Are you trying to create a new healthy habit? Piggyback it on something you do anyway. Want to run more? Put on your running shoes instead of your regular shoes, says Dr Sean Young, a world expert in making new habits stick.
This is a strategy he’s created called “magnetic behaviour”. “If we already do something regularly, we can then pair up that behaviour with a new behaviour we want to start doing,” he says. It’s about building a habit, making it easier and ingraining it into your life.
Founder of the UCLA Center for Digital Behaviour, Young has made a life study of successful behaviour change. People who follow his strategies are “nearly three times as likely to change their behaviour as people who did not”, he tells me. His new book, Stick With It: The Science Of Lasting Behaviour, was a Wall Street Journal bestseller when it came out in the US last year.
New Year’s resolutions are a bit like bad relationships
OK, I’m sold. But, for many, New Year’s resolutions are a bit like bad relationships. At first, they’re alive with possibility and potential, and we have a huge fantasy of this being The One that works out. By mid February, they’ve either ended abruptly or fizzled out, and we’re back on the wine or sugar, off the yoga mat or treadmill.

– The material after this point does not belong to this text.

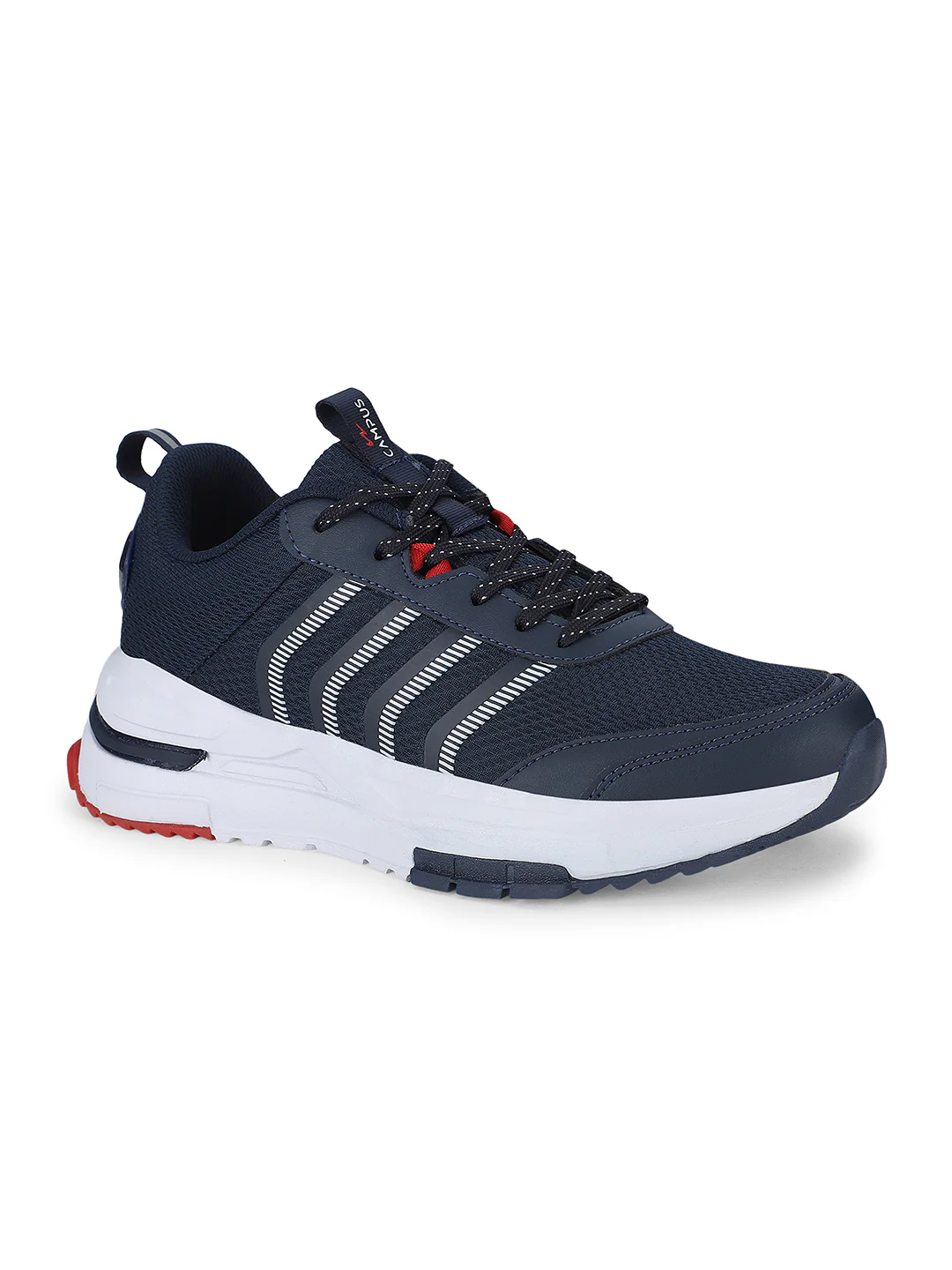 FLEX Navy Men's Sports Shoes - Image 2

Young tells me how he cured a gym-going relapse. “I used to go to the gym on campus pretty regularly. Then, at a certain point, I stopped going as frequently. If someone would have seen my behaviour, they probably would have said he’s gotten lazy or tired or he’s older now – he doesn’t have time or isn’t as motivated to go.”
If we already do something regularly, we can then pair up that behaviour with a new behaviour we want to start doing. It’s about building a habit.
But the real reason that he didn’t go is because he’d moved office and it now took 40 minutes in traffic to drive to the gym.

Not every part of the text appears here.